● What you will do
Could you copy exactly the lines below, beginning at the line with "MVMT Black Dial" and stopping after the line with "Danxen Kinderen Cristian", with no pictures?

● Data supplied
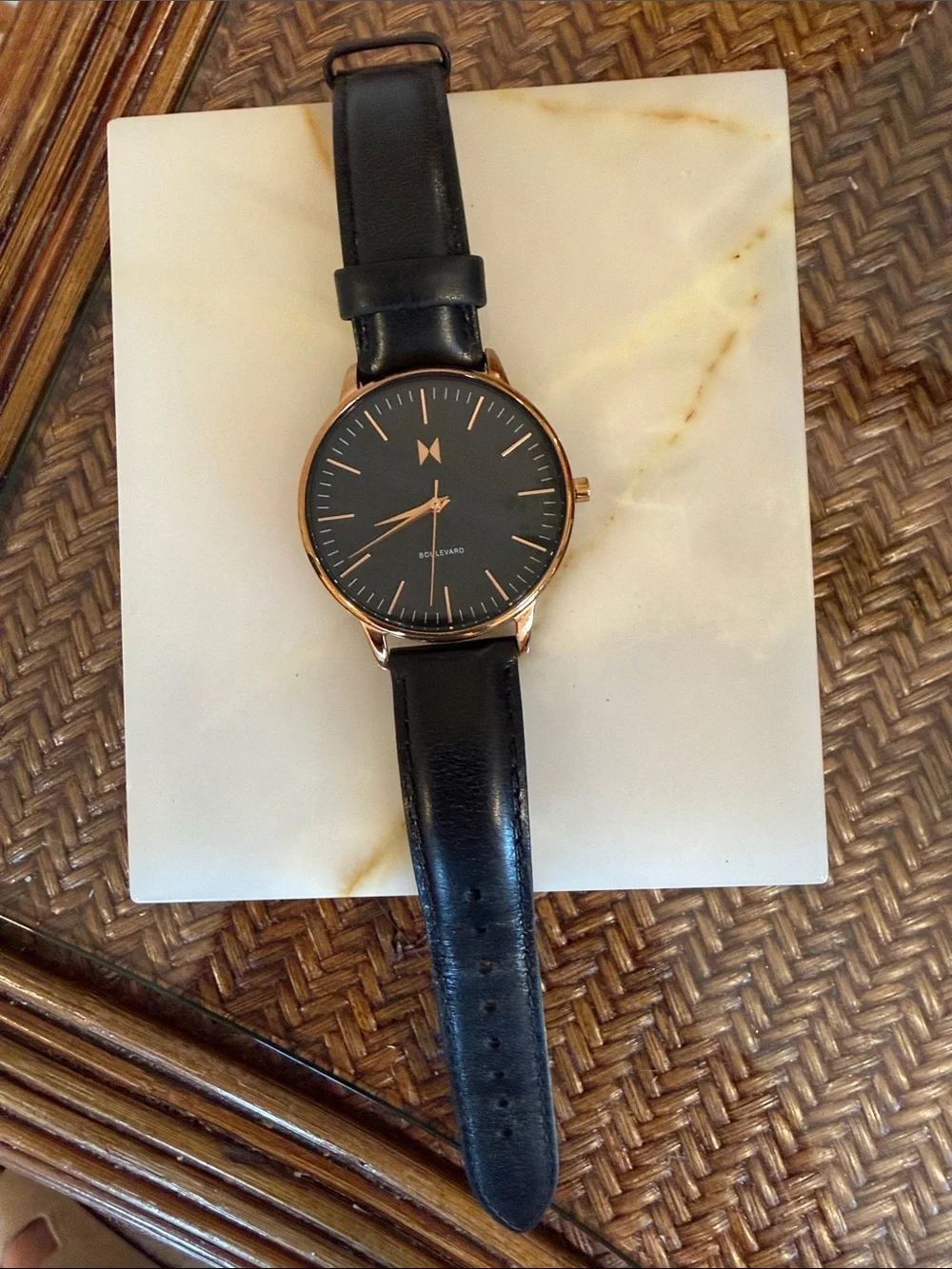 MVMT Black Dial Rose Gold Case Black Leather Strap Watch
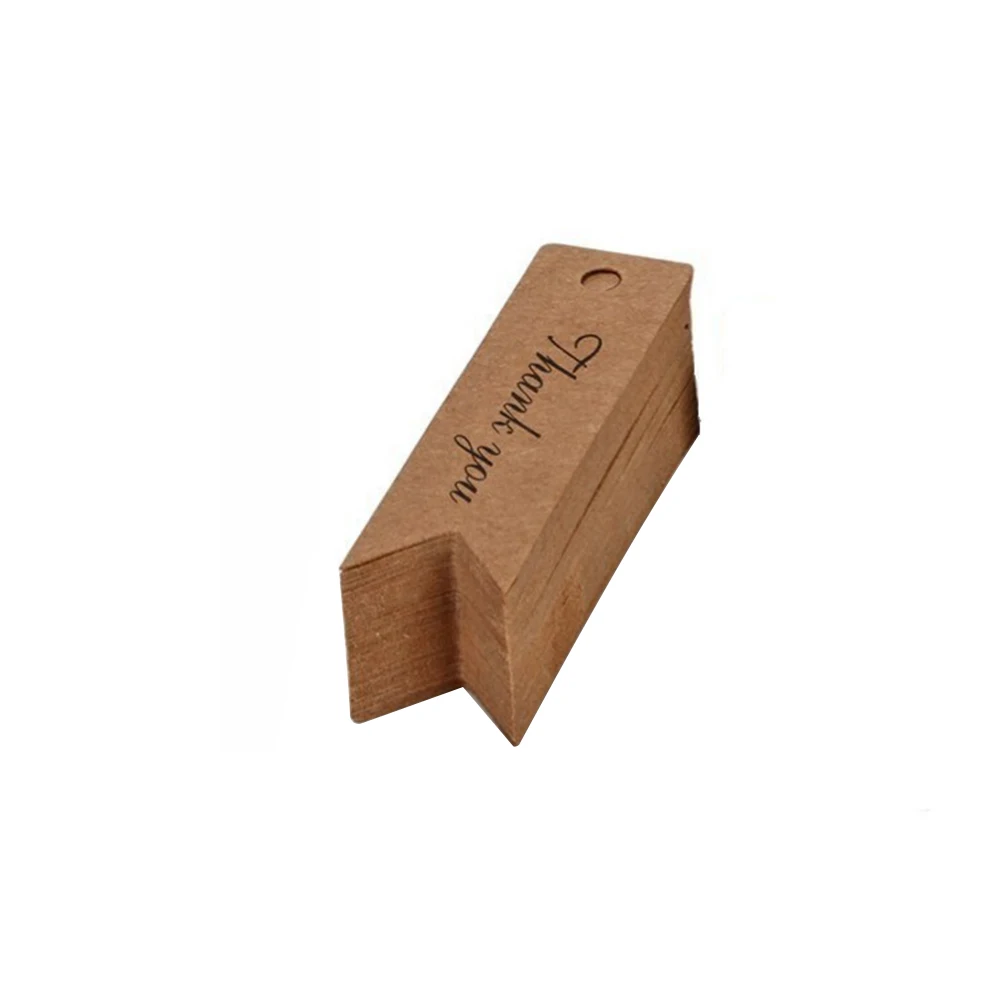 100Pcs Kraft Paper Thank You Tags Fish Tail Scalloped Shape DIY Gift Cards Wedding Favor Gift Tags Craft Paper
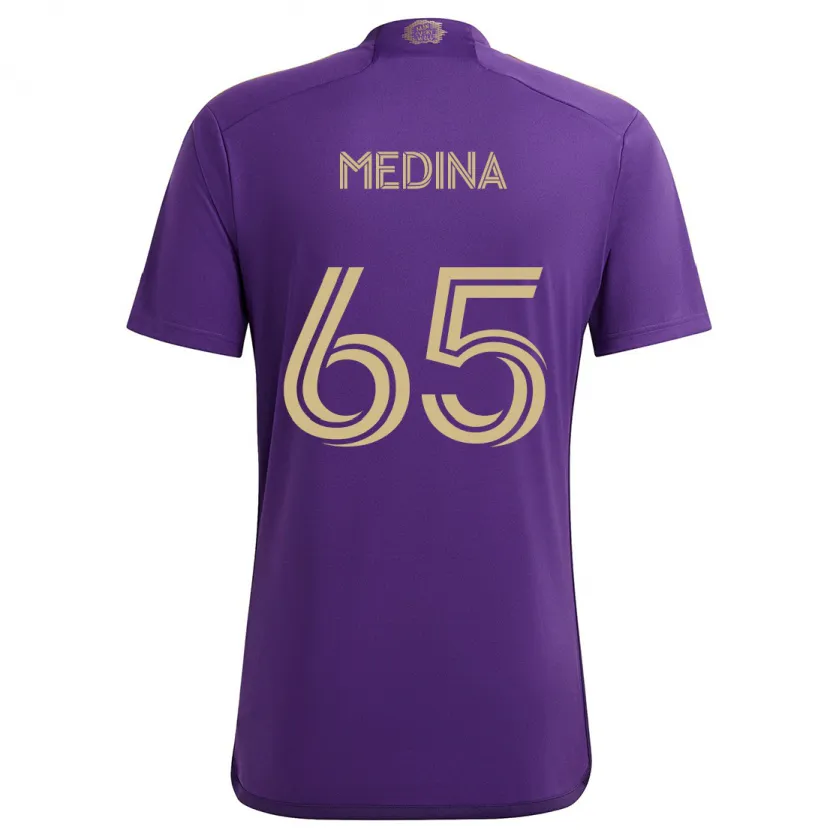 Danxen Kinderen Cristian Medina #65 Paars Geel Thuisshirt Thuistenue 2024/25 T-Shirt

--

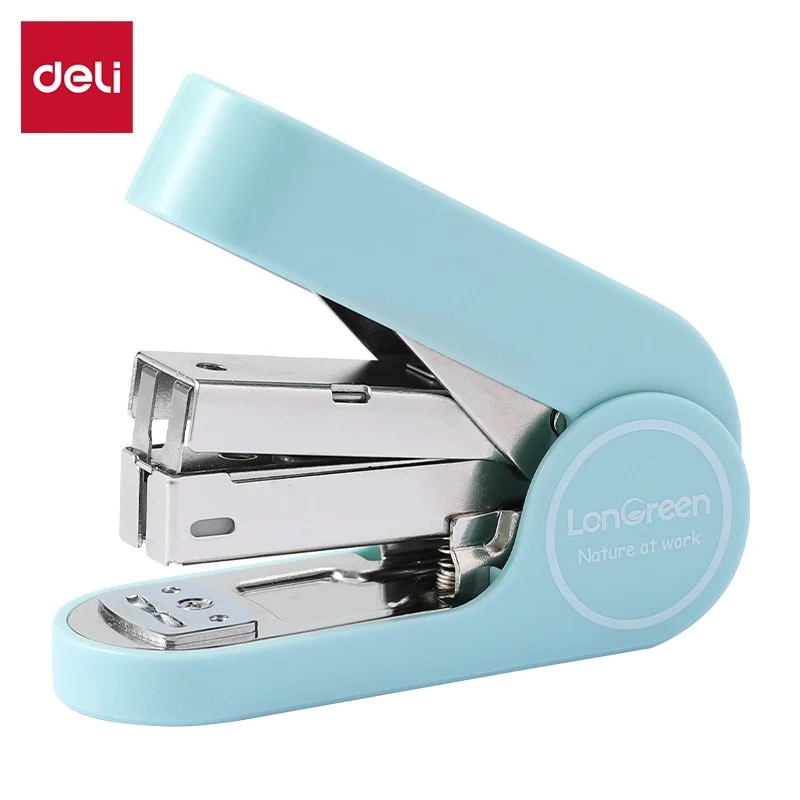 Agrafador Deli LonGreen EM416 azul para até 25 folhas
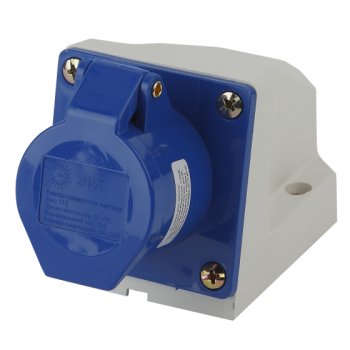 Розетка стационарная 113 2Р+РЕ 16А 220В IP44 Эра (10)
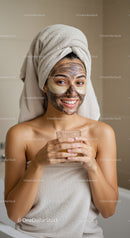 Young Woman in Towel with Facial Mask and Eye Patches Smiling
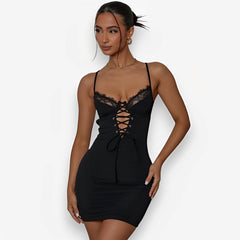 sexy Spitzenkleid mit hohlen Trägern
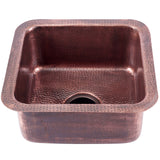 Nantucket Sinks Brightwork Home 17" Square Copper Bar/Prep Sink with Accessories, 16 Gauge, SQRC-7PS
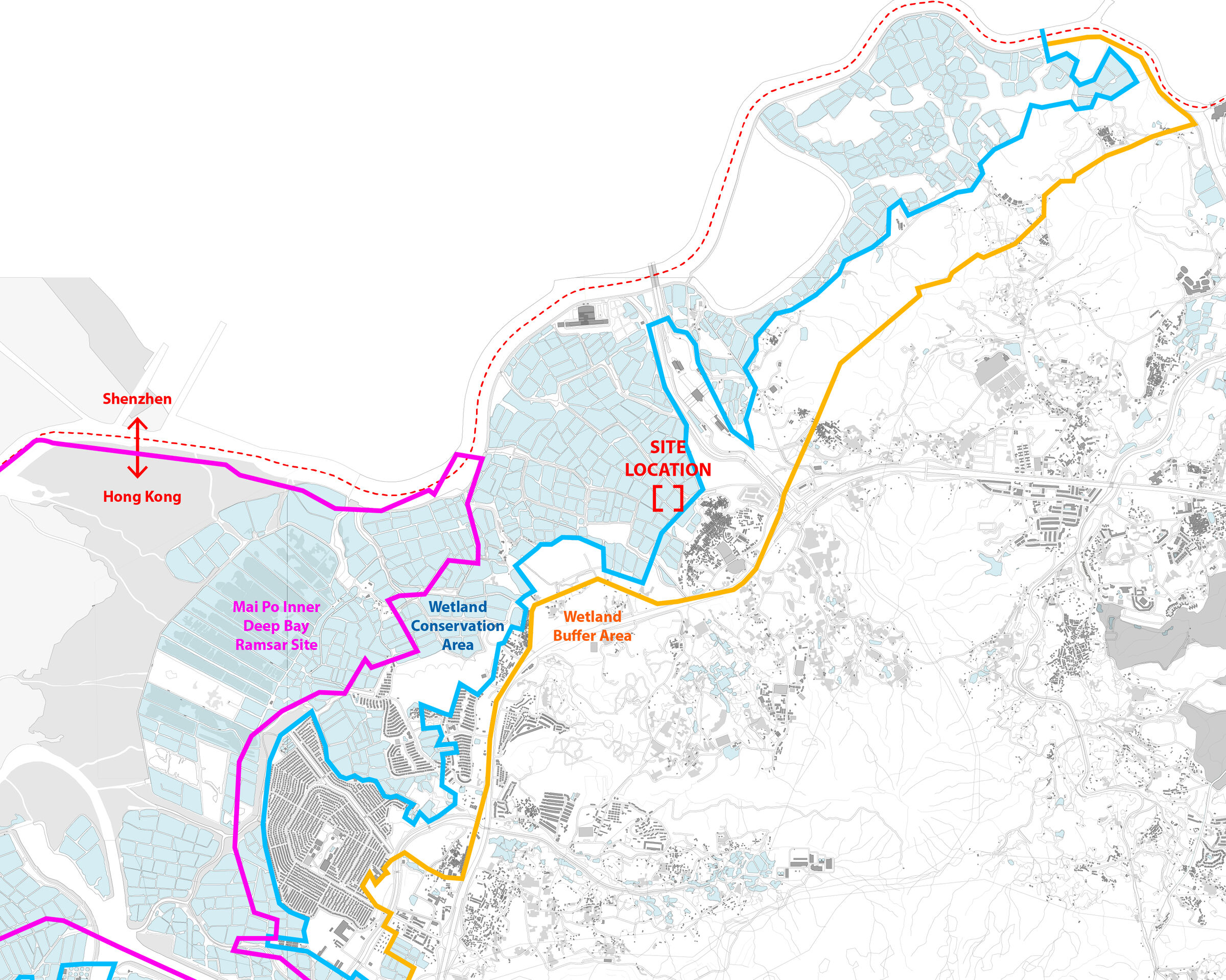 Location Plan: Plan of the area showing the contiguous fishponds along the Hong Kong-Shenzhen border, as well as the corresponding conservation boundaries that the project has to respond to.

● Written answer
 MVMT Black Dial Rose Gold Case Black Leather Strap Watch
 100Pcs Kraft Paper Thank You Tags Fish Tail Scalloped Shape DIY Gift Cards Wedding Favor Gift Tags Craft Paper
 Danxen Kinderen Cristian Medina #65 Paars Geel Thuisshirt Thuistenue 2024/25 T-Shirt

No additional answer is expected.